Cette nomination sera-t-elle une solution sur le long terme. L’Adefdromil y est favorable. On peut même envisager qu’une présidence tournante soit organisée entre les armées.
Mais le Ministre peut aussi décider de se réserver la possibilité de renommer à la tête de la commission un contrôleur général. Il faudra alors modifier le décret en conseil d’état fixant la composition de la commission.
On peut donc s’attendre à quelques développements intéressants que l’Adefdromil ne manquera pas de suivre et de commenter éventuellement.
(1) Michel BAVOIL, Président fondateur de l’Adefdromil, auteur du livre « Pour que l’armée respecte enfin la loi » (en vente : chez l’auteur :14, rue Fould Stern 60700 – Pont Sainte Maxence).

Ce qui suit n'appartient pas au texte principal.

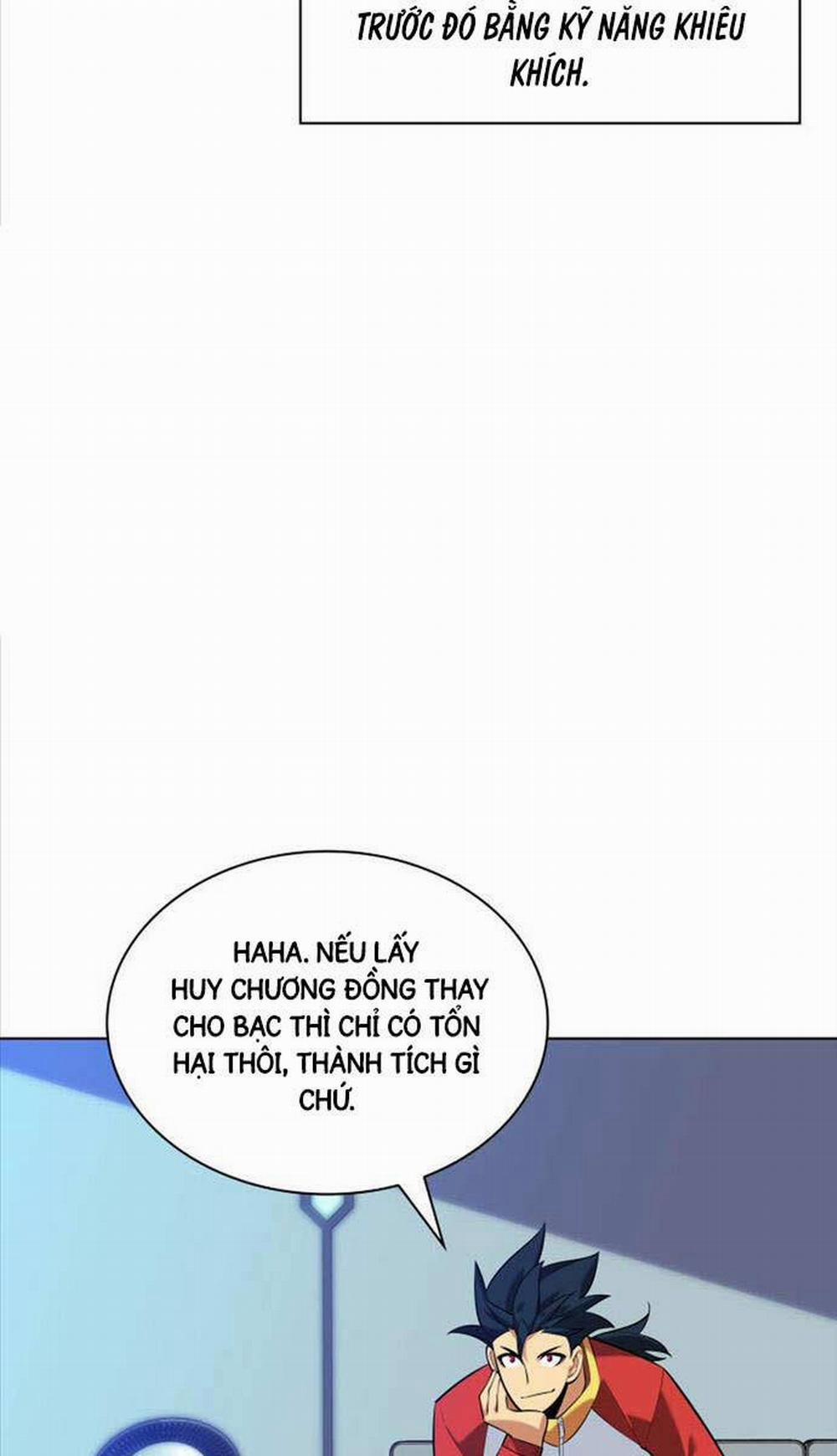 Thợ Rèn Huyền Thoại 214 trang 72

(2) Jacques BESSY, auteur du livre « Le droit de recours des militaires » ( Editions La Musse 34, avenue des Champs Elysées 75008 – Paris).
(3) Instruction N° 201710/DEF/SGA/DFP/FM/1 d’application du décret relatif à la discipline générale au Bulletin Officiel Chronologique, partie principale (BOC/PP) N°49 du 5 décembre 2005.
(4) Contrairement à son nom, le commissaire du gouvernement ne défend pas les intérêts du gouvernement, mais est chargé de présenter une analyse et des solutions juridiques sur les dossiers soumis aux juridictions administratives. Il est ainsi choquant sur un plan déontologique qu’un ancien commissaire du gouvernement ayant requis sur des dossiers du Ministère de la Défense puisse quitter son emploi pour servir les intérêts de ce même ministère. De telles pratiques ne plaident pas en faveur de l’indépendance des magistrats de l’ordre administratif. C’est un peu comme si un juge d’instruction se faisait embaucher par une entreprise sur laquelle il a procédé à des investigations. Dans la situation inverse, un ancien fonctionnaire qui devient avocat ne peut plaider contre son ministère d’appartenance pendant un délai de 5 ans.